João Barros 05 de July de 2026 4 min read

Recording who loaded what, when, and with what outcome is what separates a trustworthy ELT pipeline from a black box. Auditing data loads in ELT lets you investigate errors quickly, prove where every number came from, and answer an audit without guessing.

Prerequisites

  • A SQL Server or Azure SQL database (the examples use T-SQL).
  • An existing target table that you load data into.
  • Permissions to create and alter tables (CREATE TABLE, ALTER TABLE).
  • Basic SQL knowledge: INSERT, UPDATE and SELECT.

Step 1: Decide what to audit

Before writing any SQL, define the useful minimum. In an ELT load there are four questions that always matter: where the data came from, when it arrived, how many rows were processed, and whether the load finished successfully. We will answer all of them with two simple pieces: audit columns on each target table and a central log table that keeps the history of runs.

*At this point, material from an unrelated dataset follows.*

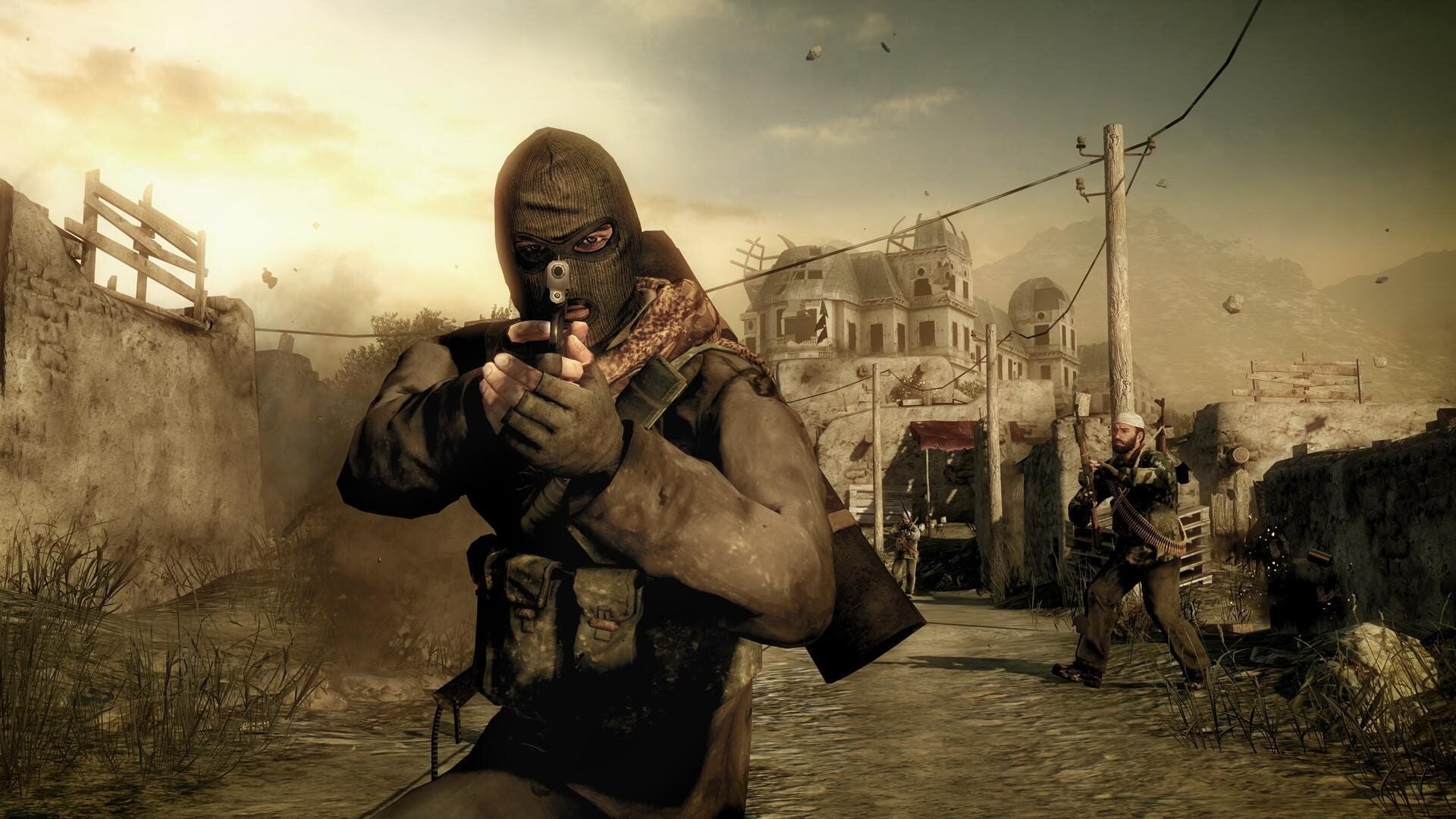 IGDB screenshot: Medal of Honor (2)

Keep the log table separate from your business data. That way you can archive or clean it without touching your business tables.

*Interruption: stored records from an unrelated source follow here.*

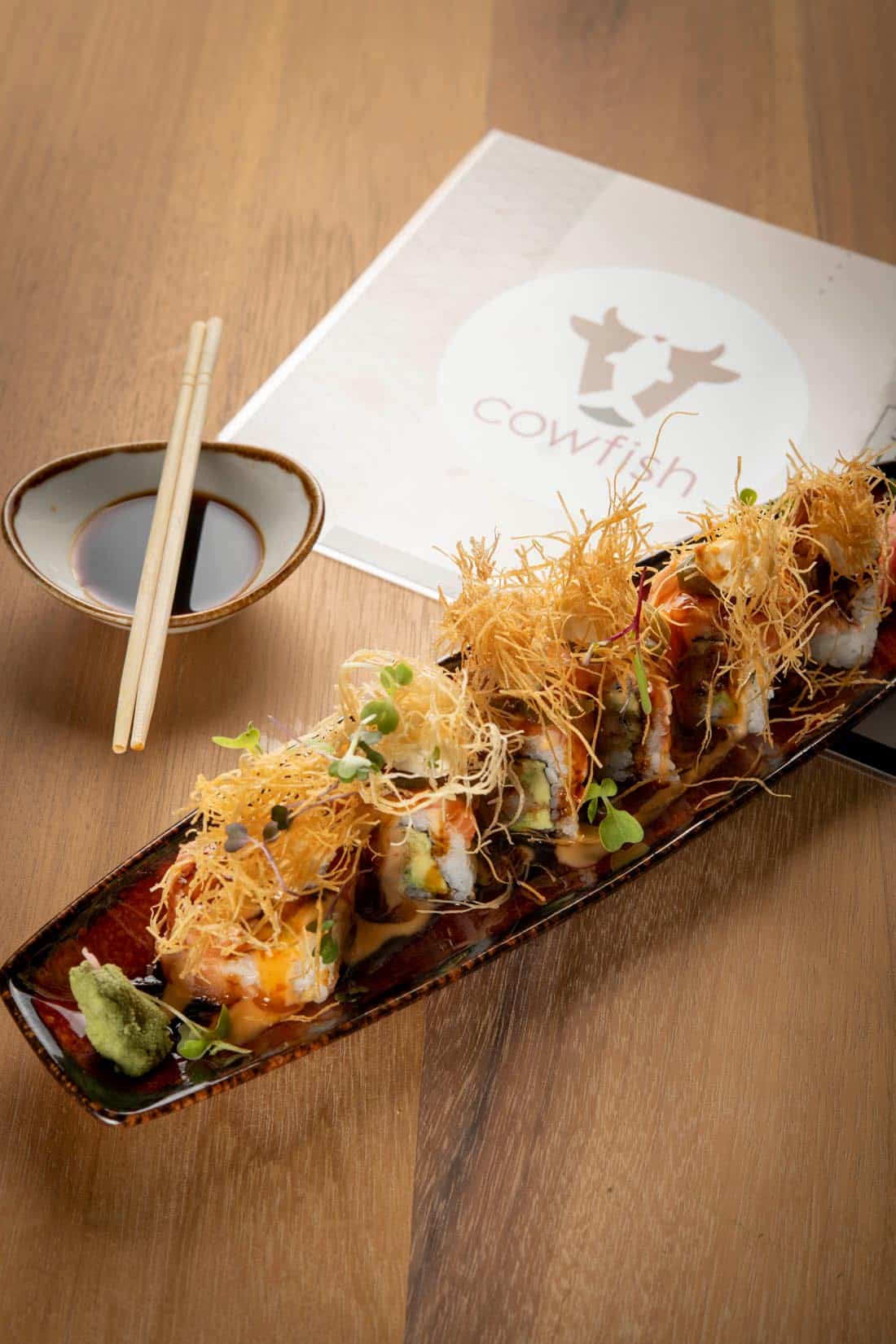 Cowfish Sandhurst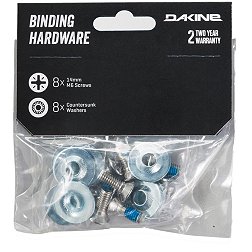 Dakine Snowboard Kit Binding Hardware
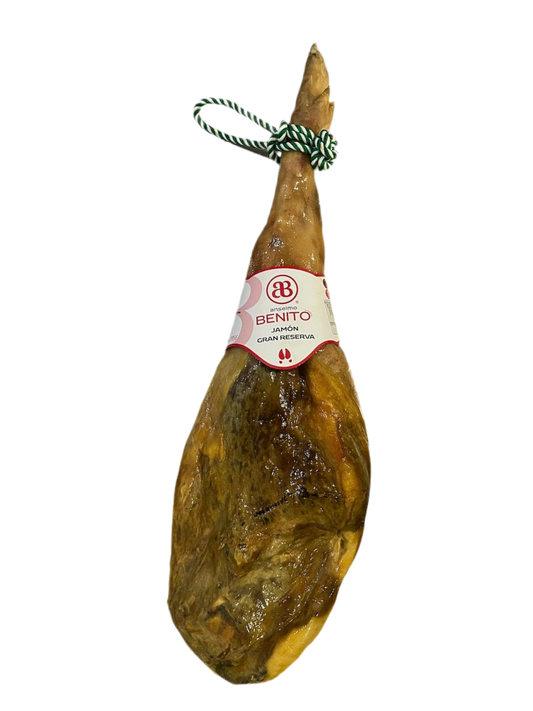 JAMÓN DUROC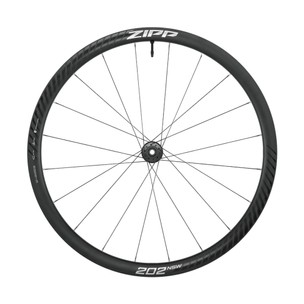 Zipp 202 NSW Carbon Tubeless Front Wheel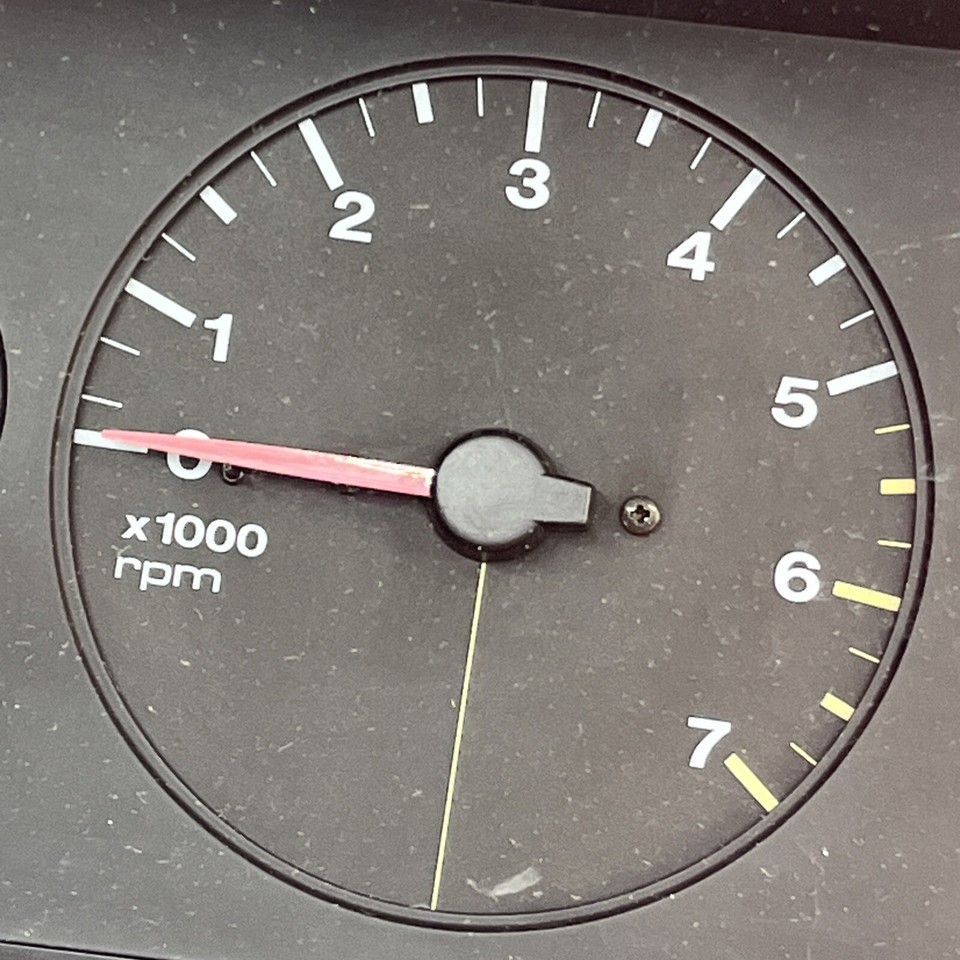 19931995 Jeep Grand Cherokee ZJ Speedometer Instrument Cluster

Step 2: Add audit columns to the target table

Audit columns travel with each row and tell you which load that row came from. Add a batch identifier, the load timestamp, and the source system.

ALTER TABLE vendas
    ADD batch_id       BIGINT,
        data_carga     DATETIME2,
        sistema_origem VARCHAR(50);

From now on, every loaded row is "stamped" and can be tied back to a specific run.

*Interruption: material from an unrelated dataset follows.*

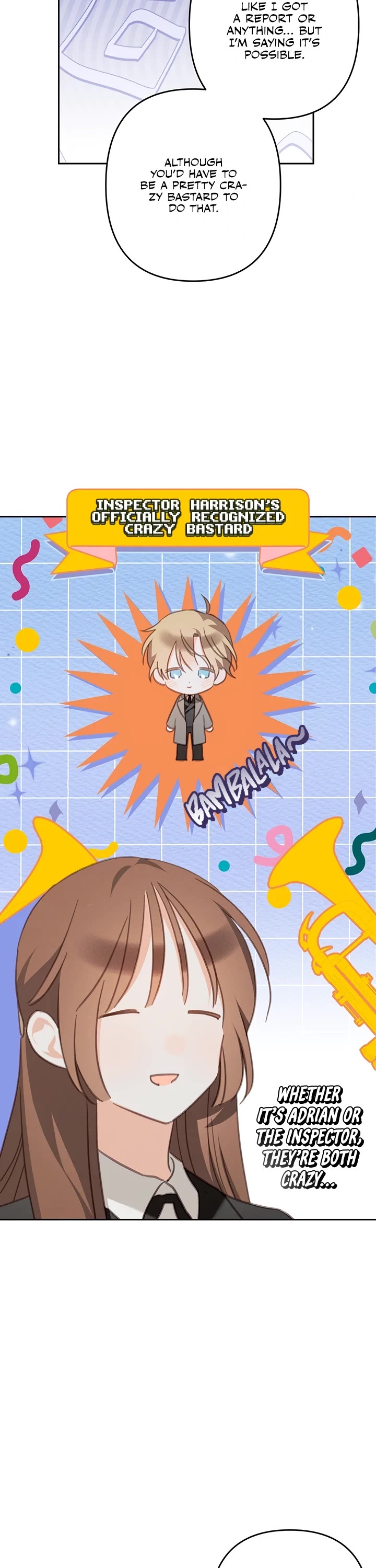 How to Survive as a Maid in a Horror Game chapter 53 page 13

Step 3: Create the load log table

The log table is your pipeline's diary: one row per run. Create it only once.

CREATE TABLE etl_load_log (
    batch_id       BIGINT IDENTITY(1,1) PRIMARY KEY,
    tabela_destino VARCHAR(100),
    inicio         DATETIME2,
    fim            DATETIME2,
    linhas         INT,
    estado         VARCHAR(20)
);

Step 4: Record the start of the load

At the start of each load, we insert a row with the RUNNING status and keep the generated batch_id to reuse it in the next steps.

DECLARE @batch_id BIGINT;

INSERT INTO etl_load_log (tabela_destino, inicio, estado)
VALUES ('vendas', SYSDATETIME(), 'RUNNING');

SET @batch_id = SCOPE_IDENTITY();

Step 5: Load the data and stamp the rows

Now run your usual transformation and load, filling the audit columns with the current run's batch_id. Also store the number of inserted rows with @@ROWCOUNT.

DECLARE @linhas INT;

INSERT INTO vendas (id, valor, batch_id, data_carga, sistema_origem)
SELECT s.id, s.valor, @batch_id, SYSDATETIME(), 'loja_online'
FROM   staging_vendas AS s;

SET @linhas = @@ROWCOUNT;

Step 6: Close the record with the outcome

When the load finishes, we update the same log row with the end time, the number of affected rows, and the final status.

UPDATE etl_load_log
SET    fim    = SYSDATETIME(),
       linhas = @linhas,
       estado = 'SUCCESS'
WHERE  batch_id = @batch_id;

If any step fails, wrap the load in a TRY...CATCH block and write the FAILED status instead of SUCCESS. That way you tell the problem runs apart immediately.

Verify the result

Query the log table to see the history of recent loads. You should see one row per run, with start, end, row count, and the SUCCESS status.

SELECT batch_id, tabela_destino, inicio, fim, linhas, estado
FROM   etl_load_log
ORDER  BY batch_id DESC;

To confirm traceability, pick a batch_id and count the matching rows in the target table — the total should match the value stored in the log.

SELECT COUNT(*) FROM vendas WHERE batch_id = 1;

Conclusion

With audit columns and a log table you now know, for every row, where it came from and which load it entered in — the foundation for investigating errors and trusting the numbers you report. The natural next step is to build a small dashboard over etl_load_log showing failed loads and the average duration of each run. Which metric would be more useful to watch first in your pipeline: the loads that fail or the ones that take too long?